■ TASK OBJECTIVE
A word-for-word retyping of the listing below is required, with the pictures dropped.

■ GIVEN MATERIAL
○ ○ ○
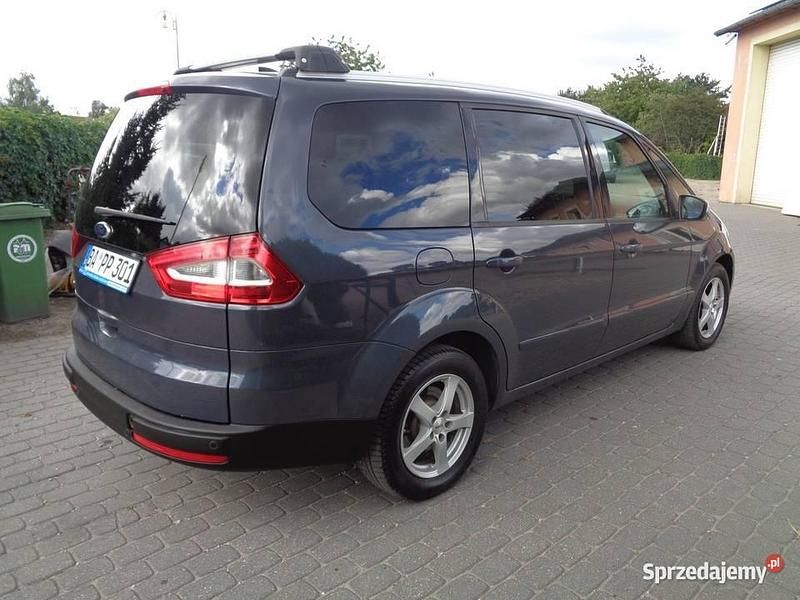 Używany Ford Galaxy 140 KM (102 kW) 2015 Szary Minivan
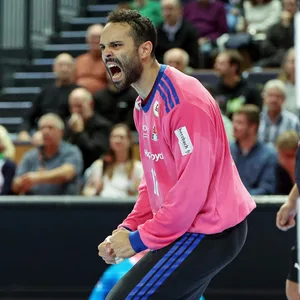 Torhüter Mohamed El-Tayar bejubelt eine Parade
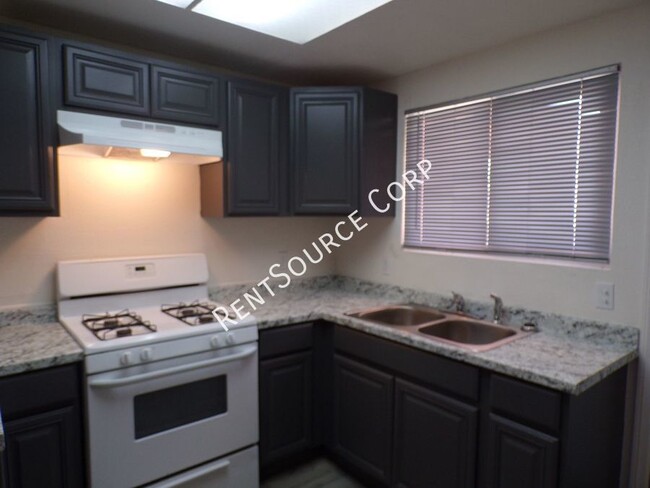 Building Photo - 2 Bedroom 2 Bath Condo for Rent in Barstow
○ ○ ○
■ SOLUTION TO THE EXERCISE
 Używany Ford Galaxy 140 KM (102 kW) 2015 Szary Minivan
 Torhüter Mohamed El-Tayar bejubelt eine Parade
 Building Photo - 2 Bedroom 2 Bath Condo for Rent in Barstow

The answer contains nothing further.